"Meanwhile, Lebanon sought support from fellow Arabs at an emergency session of foreign ministers in Cairo on Saturday. But sharp rifts erupted as moderate Arab states denounced Hezbollah for starting the conflict.
Saudi Foreign Minister Saud al-Faisal called the group's actions 'unexpected, inappropriate and irresponsible,' telling his counterparts: 'These acts will pull the whole region back to years ago, and we cannot simply accept them.'
Supporting his stance were representatives of Egypt, Jordan, Kuwait, Iraq, the Palestinian Authority, the United Arab Emirates and Bahrain, delegates said, speaking on condition of anonymity because of the sensitivity of the talks.
Another camp, led by Syria, defended Hezbollah as carrying out 'legitimate acts in line with international resolutions and the U.N. charter, as acts of resistance,' delegates said."
* * *
Is this report accurate? The Palestine and Iraq delegations aligned with the Saudi, Egyptian, and Jordanian regimes in condemning Hezbollah?
The Palestinian foreign minister is Mahmoud al-Zahar, a senior Hamas leader. If the Palestinian representative had been appointed by the President rather than the PA government, I'd have better understood his stance, given how far removed from its own mass base and opposed to Hamas and the rest of the Islamist bloc Abbas and the Fatah leadership is. But a Hamas minister condemning Hezbollah?

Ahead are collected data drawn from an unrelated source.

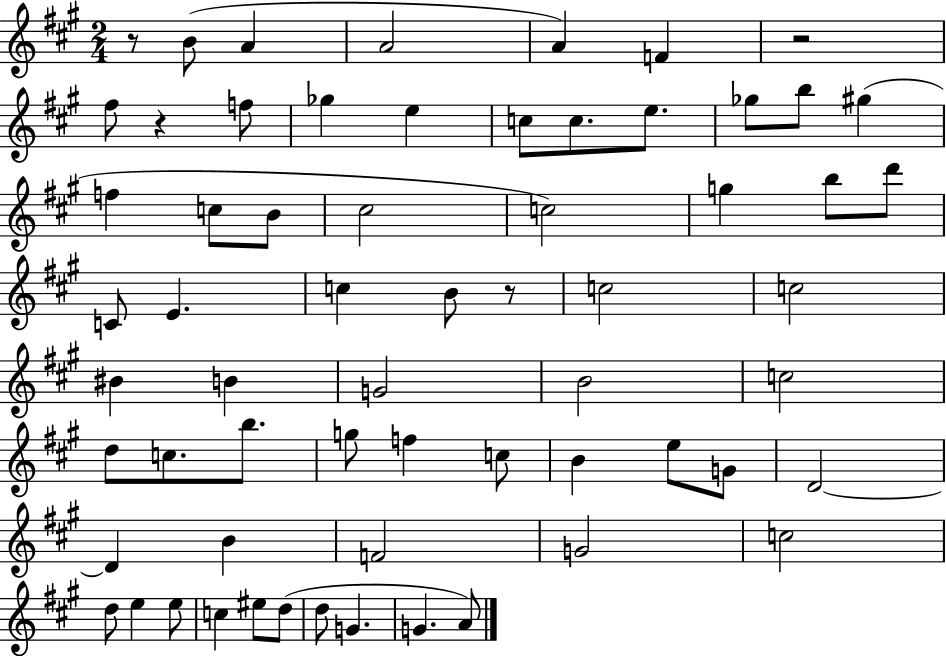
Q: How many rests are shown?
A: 4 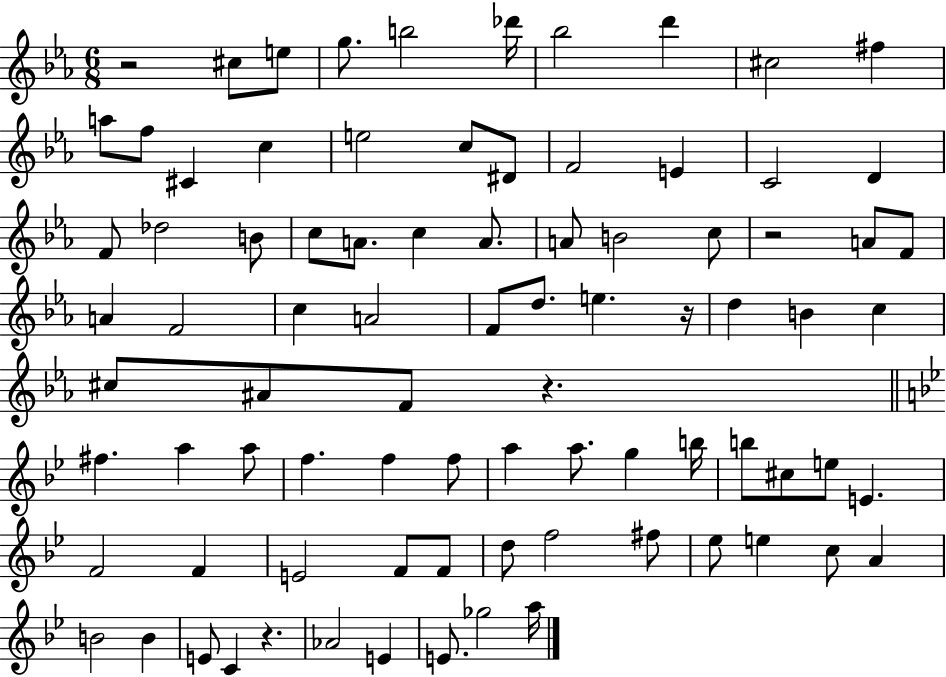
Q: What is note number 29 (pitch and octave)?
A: B4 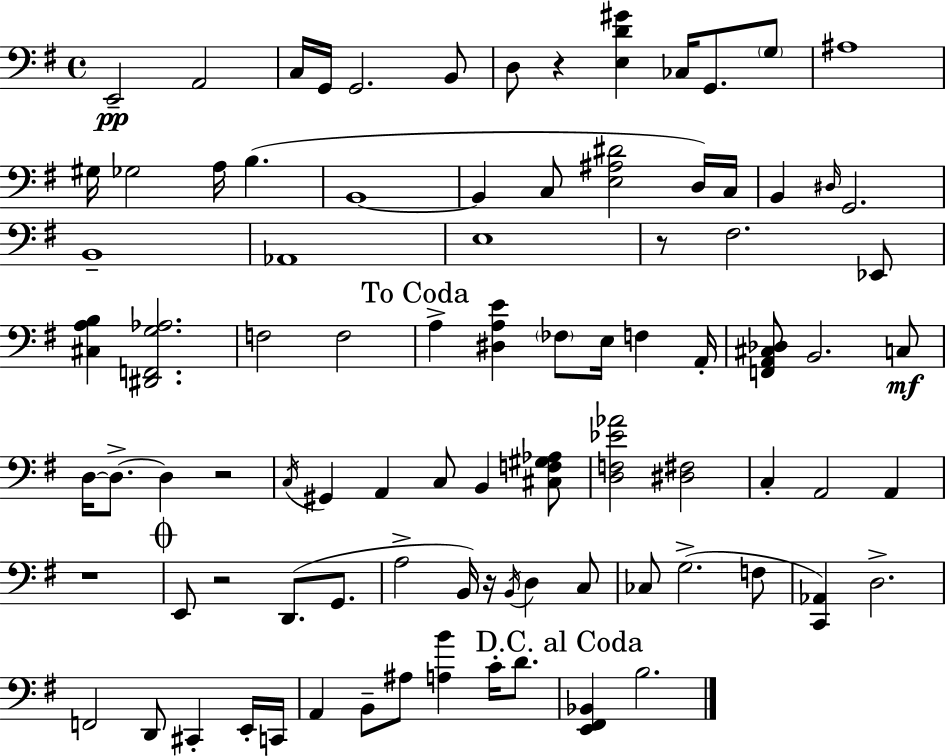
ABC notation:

X:1
T:Untitled
M:4/4
L:1/4
K:Em
E,,2 A,,2 C,/4 G,,/4 G,,2 B,,/2 D,/2 z [E,D^G] _C,/4 G,,/2 G,/2 ^A,4 ^G,/4 _G,2 A,/4 B, B,,4 B,, C,/2 [E,^A,^D]2 D,/4 C,/4 B,, ^D,/4 G,,2 B,,4 _A,,4 E,4 z/2 ^F,2 _E,,/2 [^C,A,B,] [^D,,F,,G,_A,]2 F,2 F,2 A, [^D,A,E] _F,/2 E,/4 F, A,,/4 [F,,A,,^C,_D,]/2 B,,2 C,/2 D,/4 D,/2 D, z2 C,/4 ^G,, A,, C,/2 B,, [^C,F,^G,_A,]/2 [D,F,_E_A]2 [^D,^F,]2 C, A,,2 A,, z4 E,,/2 z2 D,,/2 G,,/2 A,2 B,,/4 z/4 B,,/4 D, C,/2 _C,/2 G,2 F,/2 [C,,_A,,] D,2 F,,2 D,,/2 ^C,, E,,/4 C,,/4 A,, B,,/2 ^A,/2 [A,B] C/4 D/2 [E,,^F,,_B,,] B,2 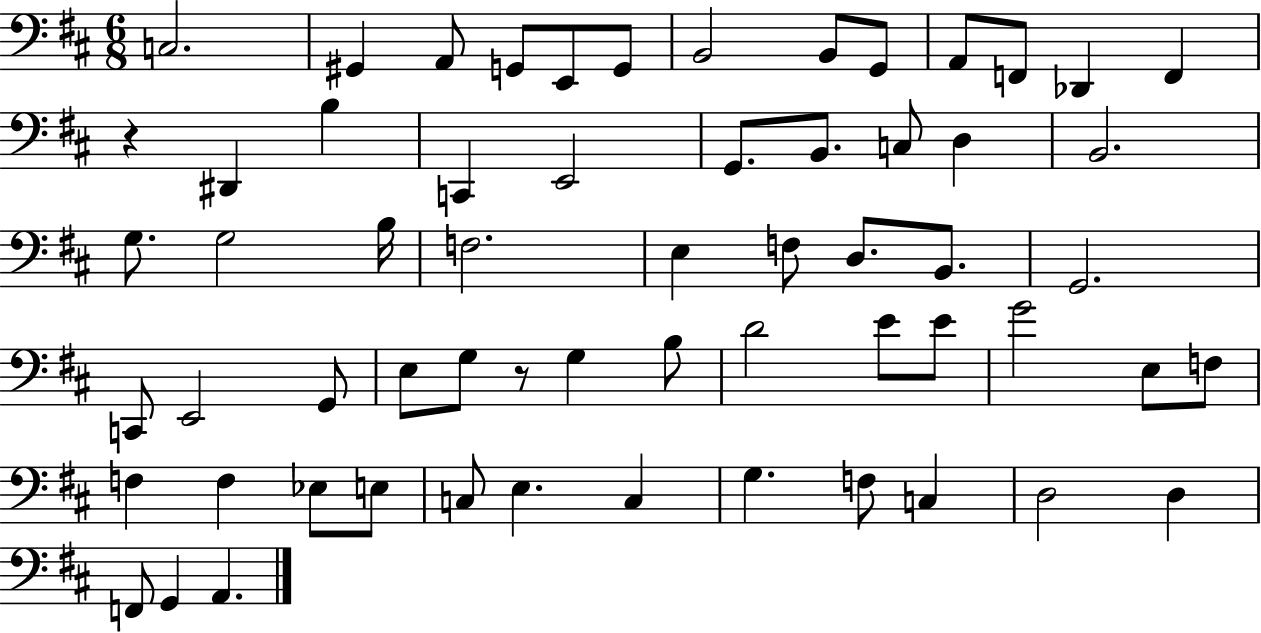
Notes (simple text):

C3/h. G#2/q A2/e G2/e E2/e G2/e B2/h B2/e G2/e A2/e F2/e Db2/q F2/q R/q D#2/q B3/q C2/q E2/h G2/e. B2/e. C3/e D3/q B2/h. G3/e. G3/h B3/s F3/h. E3/q F3/e D3/e. B2/e. G2/h. C2/e E2/h G2/e E3/e G3/e R/e G3/q B3/e D4/h E4/e E4/e G4/h E3/e F3/e F3/q F3/q Eb3/e E3/e C3/e E3/q. C3/q G3/q. F3/e C3/q D3/h D3/q F2/e G2/q A2/q. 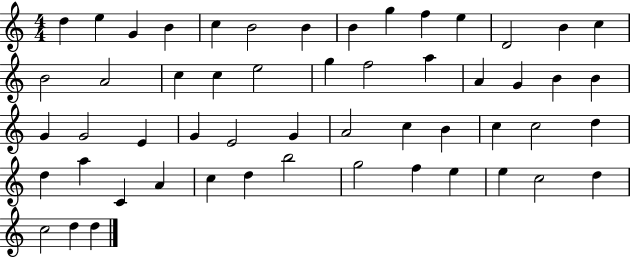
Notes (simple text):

D5/q E5/q G4/q B4/q C5/q B4/h B4/q B4/q G5/q F5/q E5/q D4/h B4/q C5/q B4/h A4/h C5/q C5/q E5/h G5/q F5/h A5/q A4/q G4/q B4/q B4/q G4/q G4/h E4/q G4/q E4/h G4/q A4/h C5/q B4/q C5/q C5/h D5/q D5/q A5/q C4/q A4/q C5/q D5/q B5/h G5/h F5/q E5/q E5/q C5/h D5/q C5/h D5/q D5/q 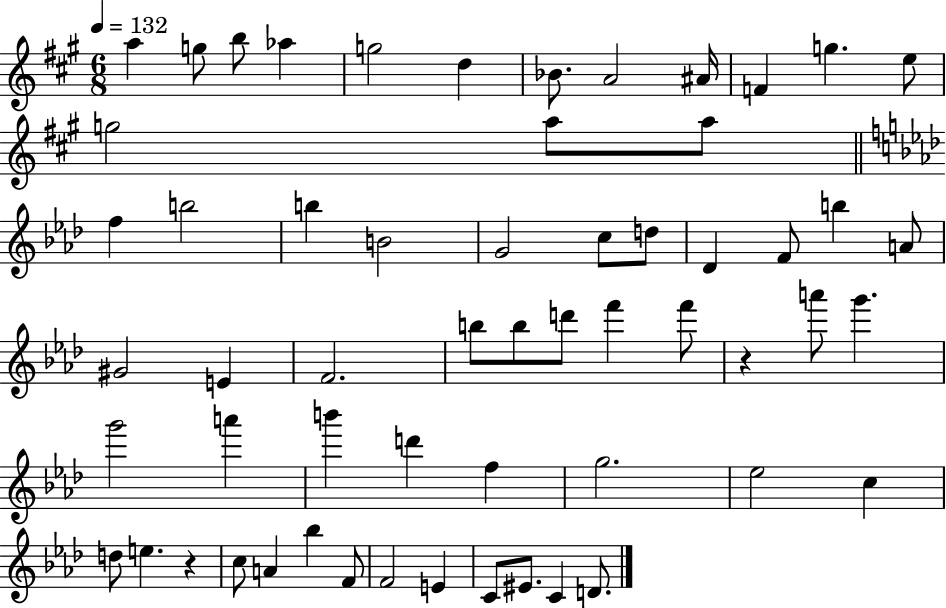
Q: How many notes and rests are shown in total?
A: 58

The Iraqi government, of course, is sponsored by the US and welcomes its military assistance against the Sunni insurgents, and it's foreign minister is a Kurd, so on the surface it's position doesn't seem unusual. But the government is still nevertheless dominated by Iraq's Shia parties (Sadrists, SCIRI, Dawa), all with close ties to Iran, and I'd have thought this would have counted for something, perhaps at least abstention, given the conflicting pressures on the Shia leaders. There has had to have been a more than a little consultation between the Iraqi Shia parties and between them and the Iranians preceding this meeting, no?

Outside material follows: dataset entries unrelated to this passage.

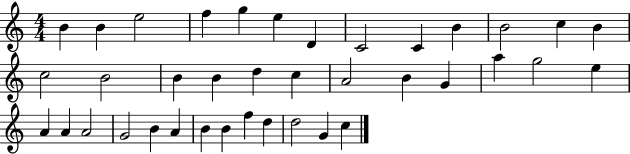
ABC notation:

X:1
T:Untitled
M:4/4
L:1/4
K:C
B B e2 f g e D C2 C B B2 c B c2 B2 B B d c A2 B G a g2 e A A A2 G2 B A B B f d d2 G c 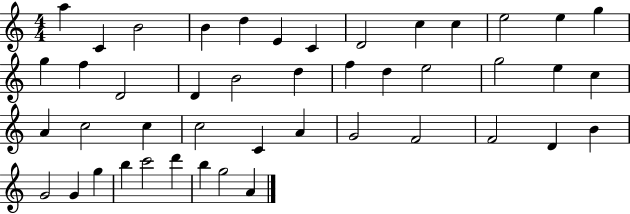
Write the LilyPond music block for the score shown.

{
  \clef treble
  \numericTimeSignature
  \time 4/4
  \key c \major
  a''4 c'4 b'2 | b'4 d''4 e'4 c'4 | d'2 c''4 c''4 | e''2 e''4 g''4 | \break g''4 f''4 d'2 | d'4 b'2 d''4 | f''4 d''4 e''2 | g''2 e''4 c''4 | \break a'4 c''2 c''4 | c''2 c'4 a'4 | g'2 f'2 | f'2 d'4 b'4 | \break g'2 g'4 g''4 | b''4 c'''2 d'''4 | b''4 g''2 a'4 | \bar "|."
} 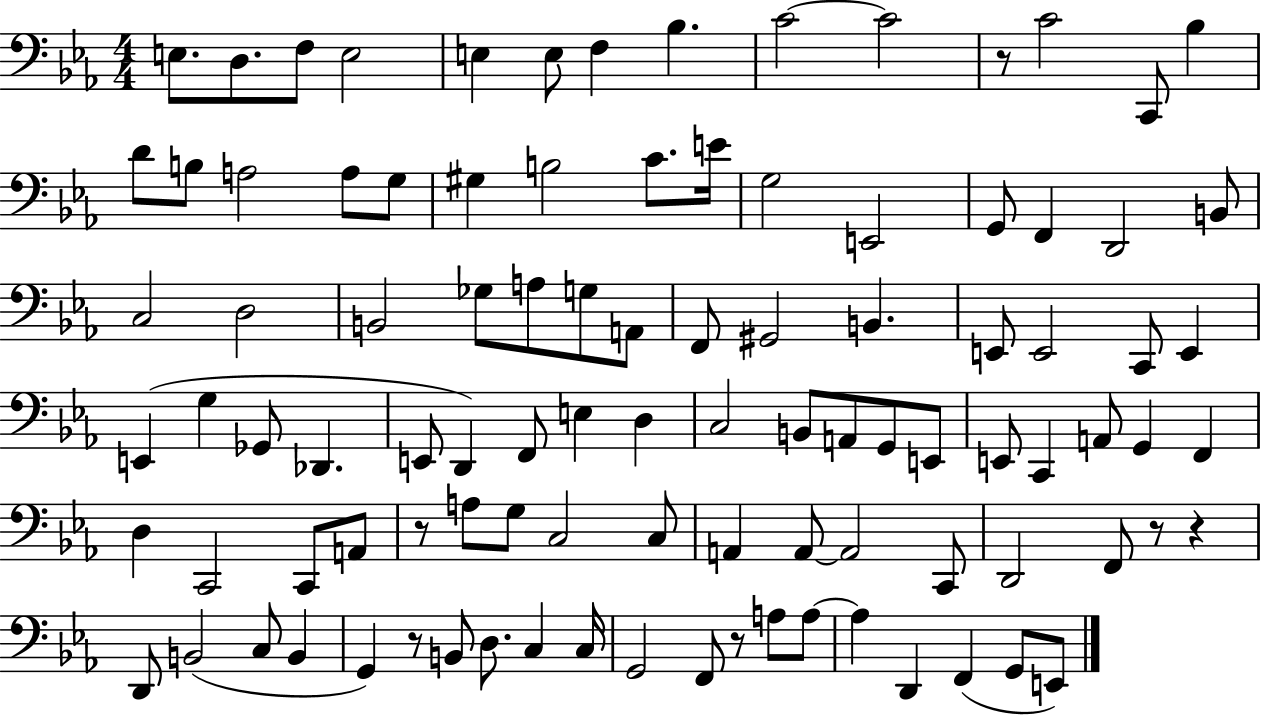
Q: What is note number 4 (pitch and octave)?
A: E3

Anyone know more about it and, especially, about the stance taken by the Palestinians? And, in relation to Iraq, about Sadr's role in particular? He's hinted the Mahdi Army might attack US troops, with whom they've recently again been skirmishing, as a result of the Israeli aggression, so it's hard to see how the stance of the Iraqi government, to which the Sadrists belong, could sit well with him.